Adesso il loro ingresso nell'empireo Nba (e in quello della pallacanestro mondiale, a voler essere precisi) è definitivo. Allen Iverson, Shaquille O'Neal e Yao Ming sono stati infatti inseriti nella serata di ieri nella Hall of Fame del Naismith Memorial Basketball a Springfield, Massachusetts. Nella tradizionale cerimonia dedicata ai nuovi premiati (tra loro anche l'allenatore collegiale Tom Izzo, la giocatrice Sheryl Swopes, il proprietario dei Bulls Jerry Reinsdorf, l'arbitro Darrel Garretson, Josh McLendon, Zelmo Beaty e Cumberland Posey), gli occhi di tutti gli appassionati erano puntati sui tre giocatori Nba degli anni Novanta e del primo decennio del nuovo millennio.
Il primo a parlare è il cinese Yao Ming, ex stella degli Houston Rockets, centro scelto al Draft del 2002 con la prima chiamata. "Quando mi hanno detto che avrei parlato per primo ho pensato che qualcuno avesse commesso un errore - esordisce Yao nel suo discorso - dovrebbe cominciare Allen, io ho bisogno di un po' di allenamento...Voglio ringraziare i tifosi degli Houston Rockets, che mi hanno sempre sostenuto anche quando sono stato infortunato, ormai sono e resterò per tutta la vita un texano e un Rocket. La franchigia mi ha fatto sentire subito a casa, un grazie particolare anche a Bill Walton e Bill Russell per avermi aiutato a inserirmi nel mondo Nba. Ho avuto grandi compagni di squadra al mio fianco, che sono poi diventati anche miei amici, come Steve Francis e Tracy McGrady. Con Shaq ci siamo incrociati in diverse occasioni, e ogni volta che giocavo contro di lui capivo il significato del vecchio detto secondo cui ciò che non ti uccide ti rende più forte". Molto più emotivo invece il discorso di Allen Iverson, che in lacrime ha ringraziato il suo coach al college John Thompson "per avermi salvato la vita", spiegando come dopo una rissa che lo avevo portato alla galera ai tempi dell'high school "nessun college voleva più reclutarmi. Mia madre andò a Georgetown per convincere Thompson a darmi una possibilità. Lui lo fece e grazie a lui sono uscito dal college come un vero giocatore di basket. Poi ho incontrato Larry Brown, ho iniziato ad ascoltare le sue critiche costruttive e ho imparato tantissimo da un grandissimo coach: ecco come sono diventato un MVP".

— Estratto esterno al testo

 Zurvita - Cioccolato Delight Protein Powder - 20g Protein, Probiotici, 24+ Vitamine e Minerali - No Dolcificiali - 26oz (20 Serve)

"Anch'io, come tutti, volevo essere come Michael Jordan. La prima volta che giocammo l'uno contro l'altro io non feci altro che guardarlo per tutto il tempo. Per la prima volta nella mia vita, mi sembrava che un essere umano non fosse reale. Era come se fosse avvolto in una sorta di aurea. Non smettevo di guardarlo, di fissare le sue scarpe dicendomi "Ehi, questo è Michael!". Sì, era lui, il mio idolo, il mio eroe. Voglio ringraziare i tifosi di Philadelphia che mi hanno sempre supportato nel corso degli anni. Non mi hanno mai abbandonato, non sono mai scesi dal mio carro, si sono comportati come tutti i tifosi dovrebbero fare. Il mio rapporto con la città non è paragonabile a nient'altro. Ma voglio ringraziare anche tutti coloro i quali mi hanno sempre denigrato, mi hanno reso un uomo e un giocatore più forte". Istrionico come sua abitudine Shaquille O'Neal, che ha scherzato sulle sue difficoltà ai liberi ("Grazie a Nick Anderson per aver sbagliato quei quattro liberi consecutivi durante le mie prime Nba Finals...) prima di ricordare così i suoi anni ai Los Angeles Lakers: "Ringrazio la dirigenza gialloviola, Phil Jackson e Kobe Bryant. Kobe Bryant: un ragazzo che mi ha spinto a dare il massimo e mi ha aiutato a vincere tre titoli consecutivi. In realtà poi mi ha anche spinto fuori dalla squadra e spedito a Miami in quella famosa trade". Sul suo rapporto con Yao Ming: "Per anni, non avevo mai parlato con lui. Pensavo ci fosse una barriera linguistica con lui, finchè una volta mi fece davanti un movimento alla Hakeem Olajuwon: gli dissi "Ehi, Yao, bel movimento!" E lui: "Grazie fratello". E io: "Fermo, fermo, fermo, tu parli inglese?" Mi rispose che ovviamente parlava inglese, solo che io non gli avevo mai rivolto la parola prima di allora". Ultimo pensiero dedicato al padre scomparso: "So che è lassù a spiegare a Wilt Chamberlain che il centro più dominante della storia del gioco è stato suo figlio".